As for Oldfield, after more than 25 years in public life - starting with the Manly council and Abbott's office, rising to the arrowhead of One Nation with David Ettridge as his fellow lieutenant, then a seat in the NSW upper house until 2007, and stints in broadcasting before more recent appearances on reality television - he is now a father to two young boys with half a mind to start writing fiction on his northern beaches property surrounded by animals.
"I'm very interested in animal welfare," he says. "I live essentially fringing on the bush and I actively save and look after any animal I can that needs my help. I have a lot of animal friends." He counts four horses (but not horse racing, which is cruel and unnecessary), two dogs, pet snakes, a lovely pet parrot, and he would have more if he had time to give each the proper attention.
Although judging by his detailed response when asked what advice he would give Hanson now, perhaps he still has a hankering for the big hill.

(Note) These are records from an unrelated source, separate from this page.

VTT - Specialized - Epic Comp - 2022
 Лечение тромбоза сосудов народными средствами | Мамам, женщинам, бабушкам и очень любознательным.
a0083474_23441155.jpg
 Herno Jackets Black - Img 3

Much truncated, his advice is to hand control of the funds to an administrative wing, set up branches, do police and character checks on candidates, review media appearances to improve, get on the front foot on policy, "read, read, read" to become informed, stop blaming other people, become smarter and more self-aware, learn how to find good advice "rather than taking advice from whoever you happen to trust on that particular day", and learn "greater capacity for flexibility and understanding, get over your anger".
This interview was done without the benefit of having seen Oldfield's book, but he characterises it as a book without exaggeration or embellishment, and one that is even self-deprecating.
He says he has made mistakes. And while he doesn't point to specific events, he apparently sees his major mistake as speaking too often.
"The things that I stood up for have brought me also a great deal of heartache and trouble," he says.
"I'm stuck with that ... but don't want that for my children."
He's bring up his boys to never be violent, especially to women, and to "run away" from a woman rather than risk hurting her trying to defend themselves or on a physical confrontation. His boys learn karate, but preferably not to use it.
"If you've got time to stand and fight you've probably got time to turn and walk away and that is always best. These are lessons that I didn't learn in life."
- Before You Judge Me - Being David, by David Oldfield is published by New Holland Publishers ($29.99).